O caminho vai alargando e um passeio marítimo vasto oferece uma vista imensa sobre o mar aberto, uma paz quebrada apenas por uma fábrica de reciclagem soprando um fumo branco que contamina a paisagem. Combinamos entre todos que é obrigatório ver ao vivo a famosa estátua da Pequena Sereia, mas antes fazemos um desvio pelo Palácio Real de Analienborg, onde está para acontecer o render da guarda. Soldadinhos com fato azul escuro parecem perguntar uns aos outros autorização para beber um café, sem pompa e na circunstância sinto que é melhor admirar antes a praça de traço Renascentista onde tudo isto decorre. Devo admitir que me impressiona mais do que a famosa estátua a que aludi atrás, um anão de bronze que não deve medir metro e meio. O seu principal encanto é talvez a localização e originar um divertido jogo onde fazemos apostas sobre se afoitos turistas que se aproximem demasia para tirar uma selfie, e para isso têm de saltitar de calhau molhado em calhau molhado, tombam na água para assim sim, nos darem algum contentamento. Não acontece, mas por duas vezes torcemos com malícia pela desgraça alheia. Um costume da cidade, aparentemente, é mutilar a estátua regularmente, uma catarse para os habitantes de Copenhaga que não entendem por certo o afã dos visitantes em relação a algo tão banal e mundano. Ali ao lado, observando uma ilha artificial em forma de estrela, a fonte de Gefion enrijece os seus músculos perante a Igreja Anglicana de St. Alban, a água jorrando com violência, garantindo a manutenção da virilidade escandinava no nosso imaginário. 

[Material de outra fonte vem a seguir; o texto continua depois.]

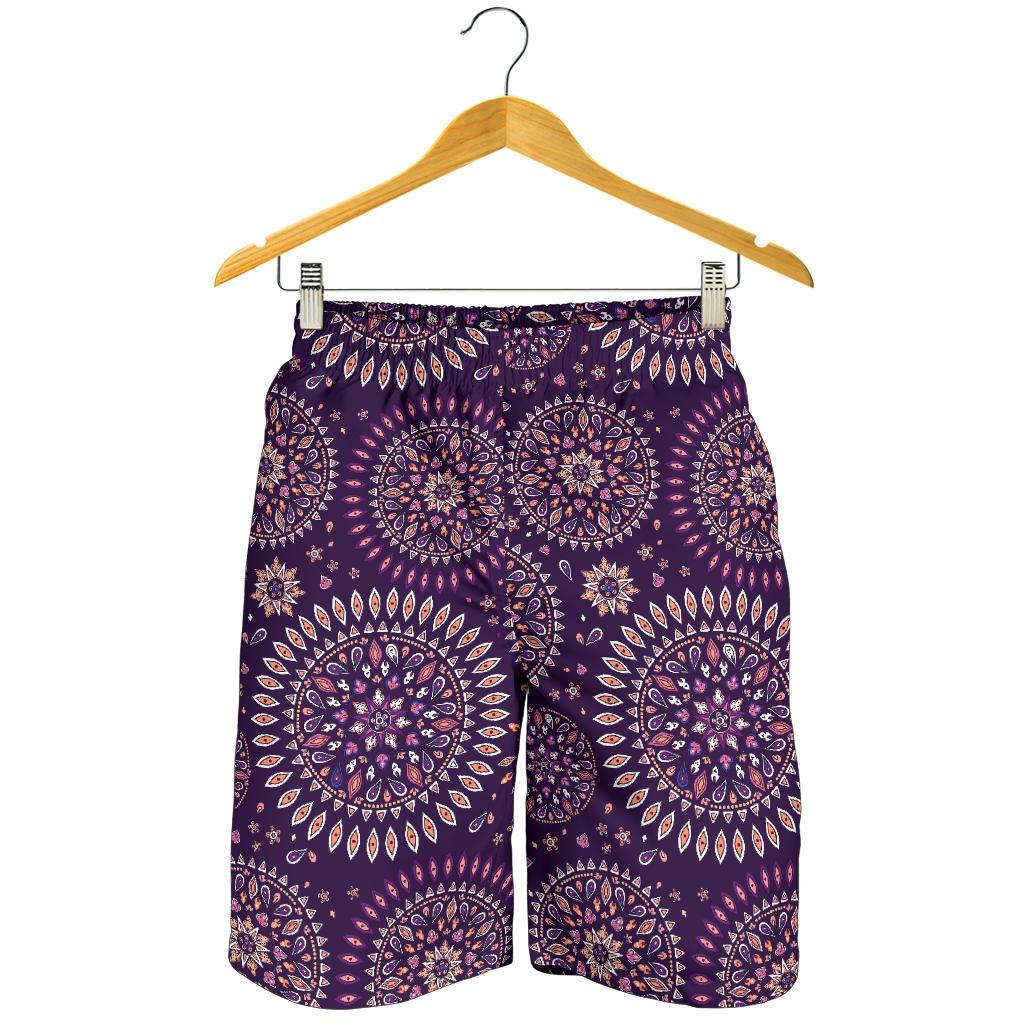 Purple Bohemian Mandala Pattern Print Men's Shorts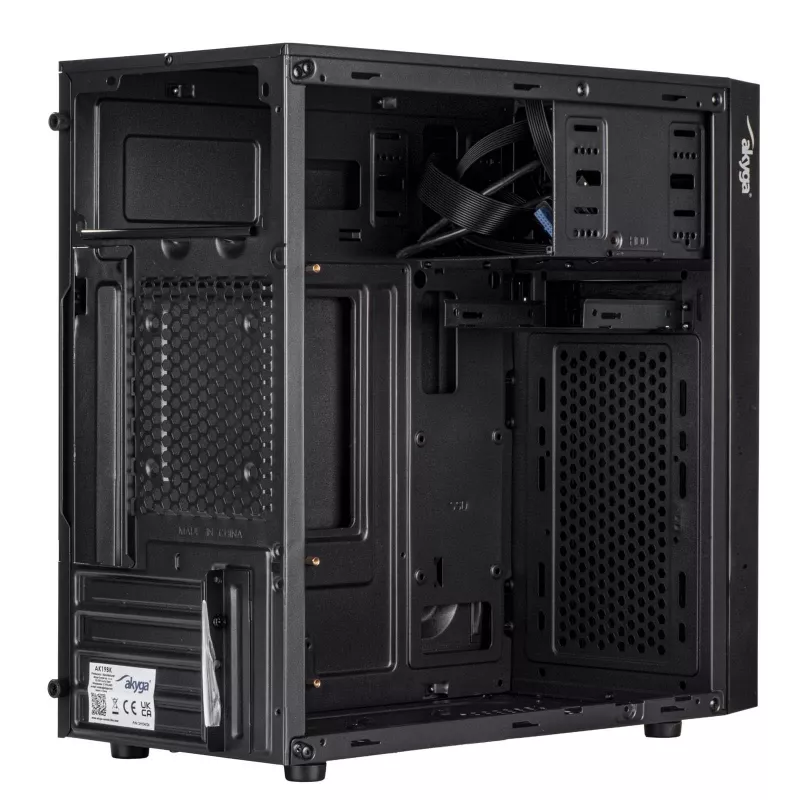 Akyga AK19BK Micro Tower kompiuterio korpusas, Micro ATX / Mini ITX, USB-C + USB 3.0 + 2x USB 2.0, be maitinimo bloko, juodas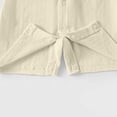 thumbnail image 5 of Fesfesfes Baby Toddler Kids Short Sleeve Cotton Romper Jumpsuit with Collar, Cute Solid Color Button Down Onesie Outfit for Daily Summer Play Wear Kids 0-18 Months Old., 5 of 6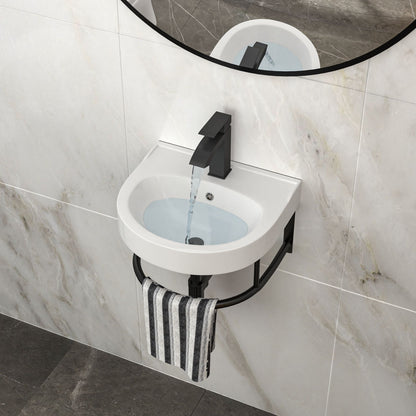 Wall Mounted Bathroom Sink With Towel Bar And Faucet - White / Black Daily Nest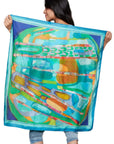 Claire Desjardins Peacock In A Pen Silk Scarf 92140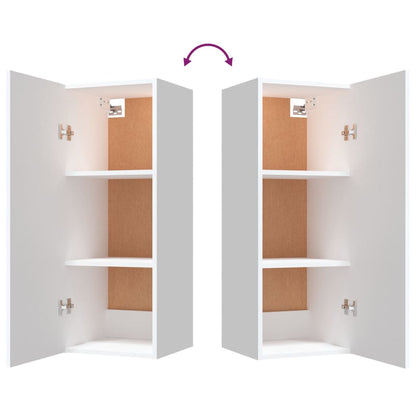 vidaXL Armoire murale blanche 34,5x34x90 cm Bois d'ingénierie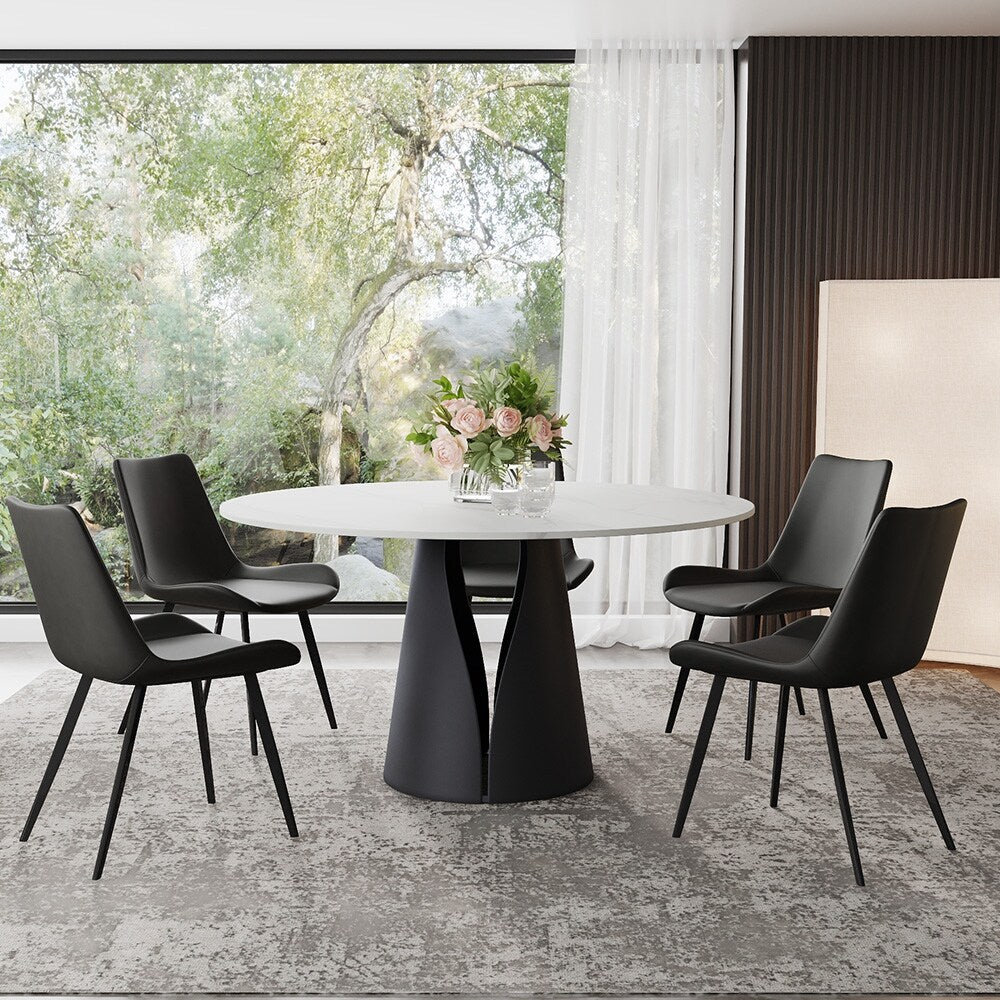 Modern Dining Room Sets, Kitchen Furniture Round White Dining Table with Chairs, Round Dining Table Set for 4-6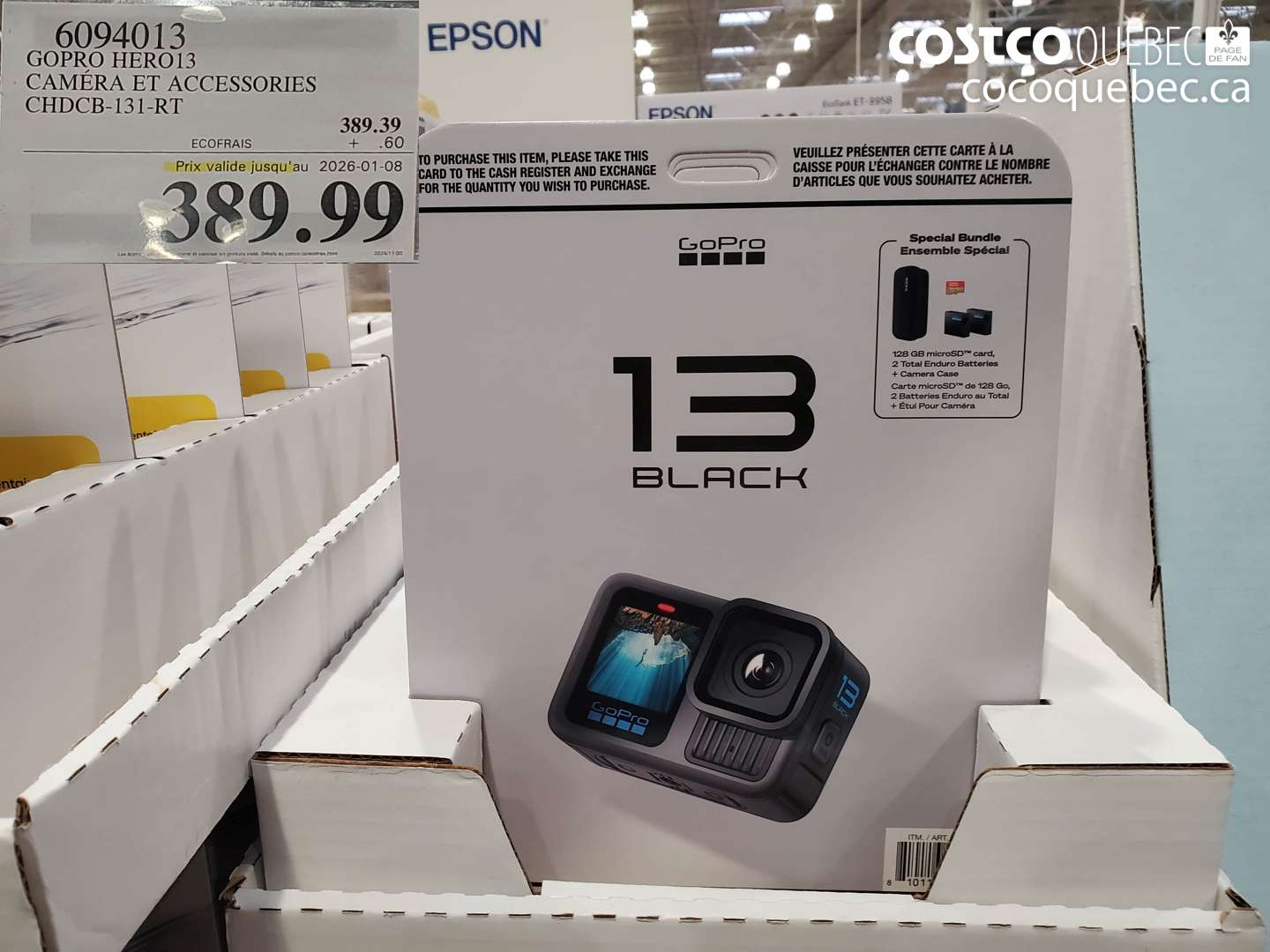 6094013 GOPRO HERO13 CAMÉRA ET ACCESSORIES CHD CB-131-RT (EXPIRES ON 2026-01-08) $389.99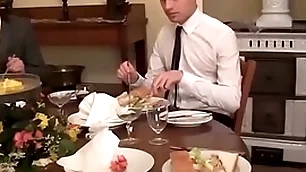 Twink waiter sucks and rides dick check a investigate the dinner service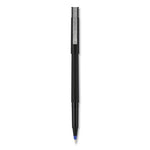 Roller Ball Pen, Stick, Fine 0.7 mm, Blue Ink, Black/Blue Barrel, Dozen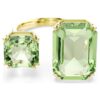 Bague ouverte Millenia, taille octogonale, verte, plaquée or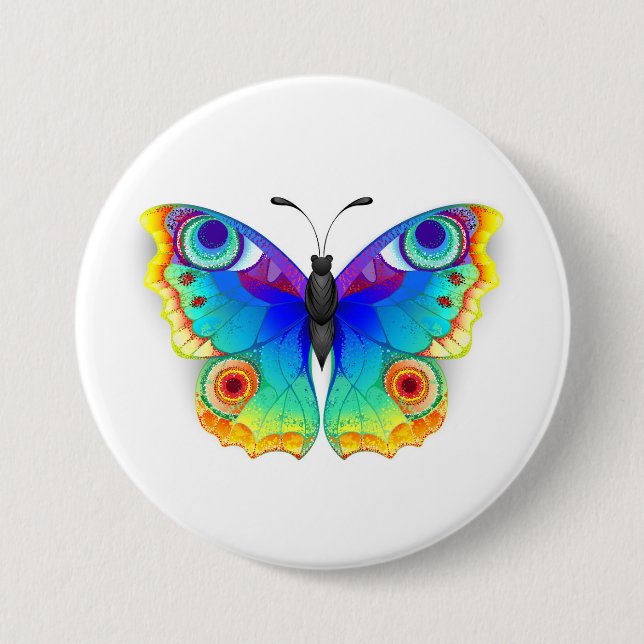 Rainbow Butterfly Peacock Eye Button (Front)
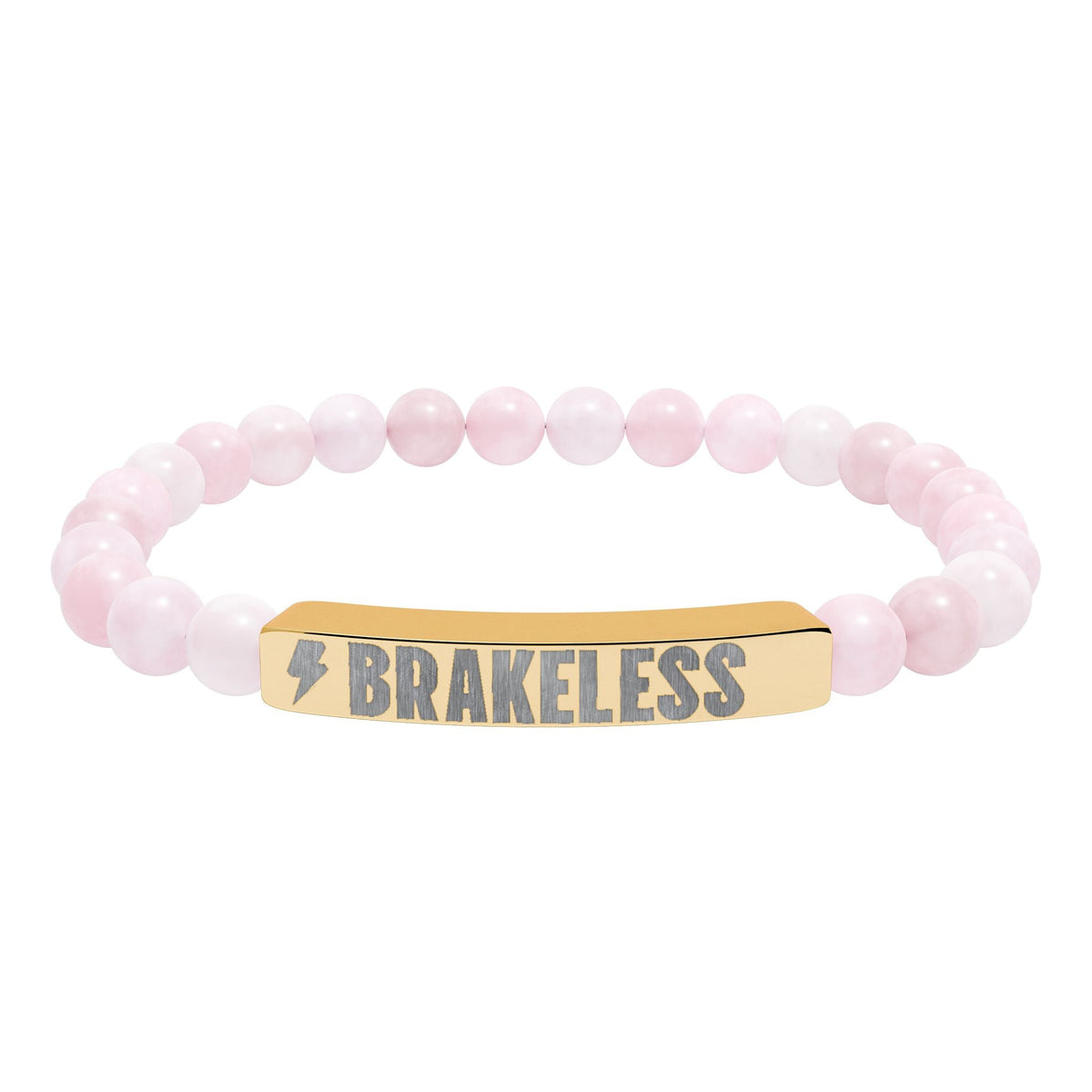 Engraved Natural Stone Stretch Bar Bracelet — 'BRAKELESS' Beaded Bracelet - Accessories - BRAKELESS
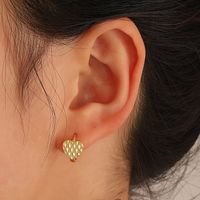 Simple Style Copper Micro Inlaid Zircon Flower Heart Earrings main image 5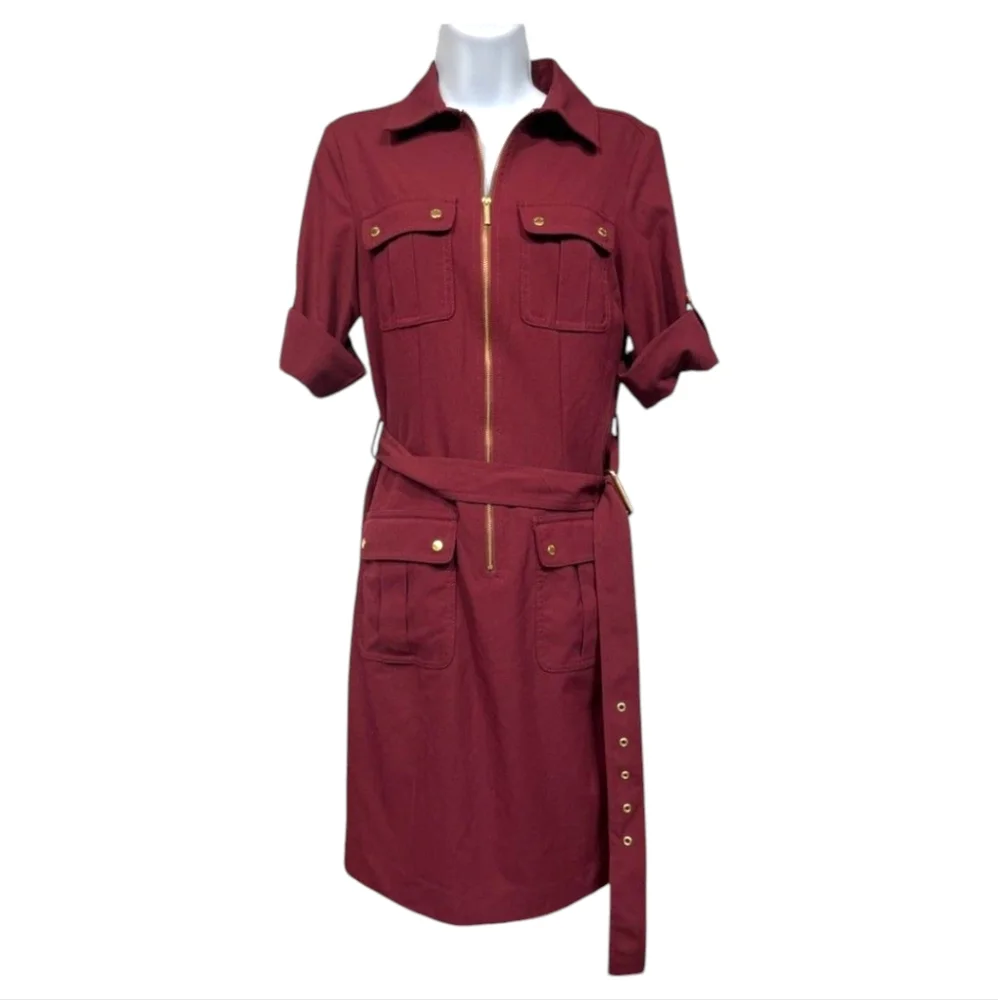 Michael Kors Burgundy or Tan Shirt Dress Goldtone Hardware Small - Picture 10 of 14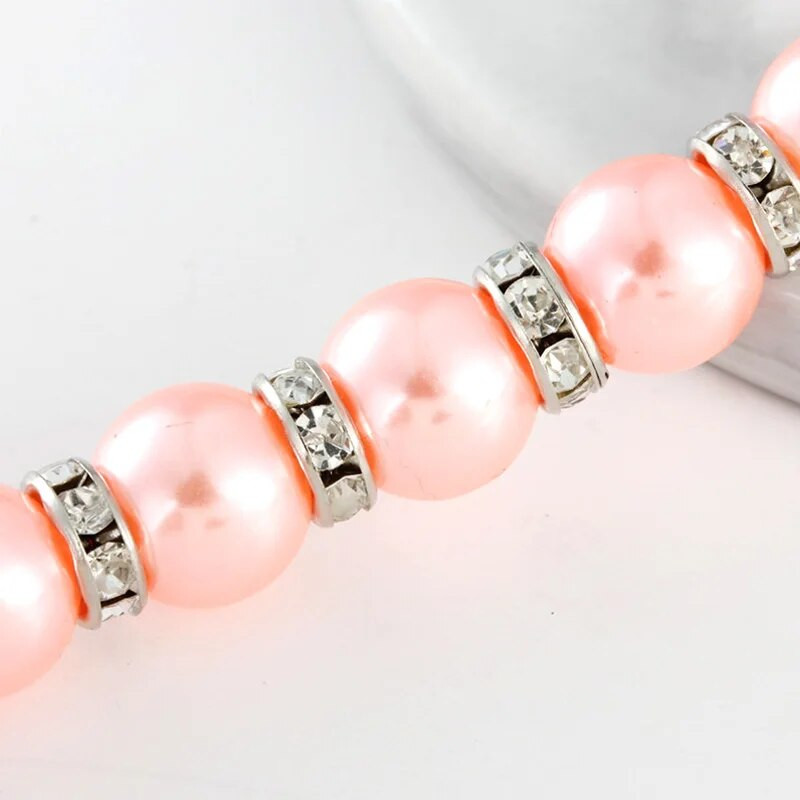 Сладък домашен любимец Перлена огърлица Панделка Лък Котка Нашийник за куче Странични кристали Регулируема верига Яка Вратовръзка Бижута за домашни любимци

Apesar de capital, Copenhaga até é pequena, acolhedora e regressamos ao ponto inicial. Antes, desenrascamos um almoço. No meu caso, é numa feira de rua, um mercadinho onde várias bancas vendem comida do mundo: frutos secos italianos, fish n'chips britânicos, um toque de caril indiano e eu opto, na minha pouca apetência por aventura gastronómica, por um singelo esparguete à bolonhesa. Sai-me a 15 euros do bolso e sim, é carote, mas já com coroas dinamarquesa na carteira (e o cálculo de conversão para euros bem sabido), admiro em redor a qualidade de vida, o tom informal da pessoas, gente que veste fato e vai de bicicleta para o trabalho, onde se vê pouco lixo no chão e um sentido de humor corrosivo nos cartazes de espectáculos, onde Mads Mikkelsen não surge, mas é possível ver uma genuína vontade em desenhar e mudar, onde se observam ninhos de artistas em qualquer local, onde a cidade se vira para as pessoas e estas vivem de facto, recebem um recreio e em troca enchem-no de vida. Sinto a cidade, e isso não se consegue com aeroportos fantasma ou com Agências Europeias do raio que o parta. As autárquicas são daqui a uns dias e quando assisto a tão pouco folclore nestas terras nórdicas, só me apetece perguntar se posso inserir o meu próprio candidato no boletim de voto. Não sei como se chama, mas o nome acaba em -iksen ou em-son.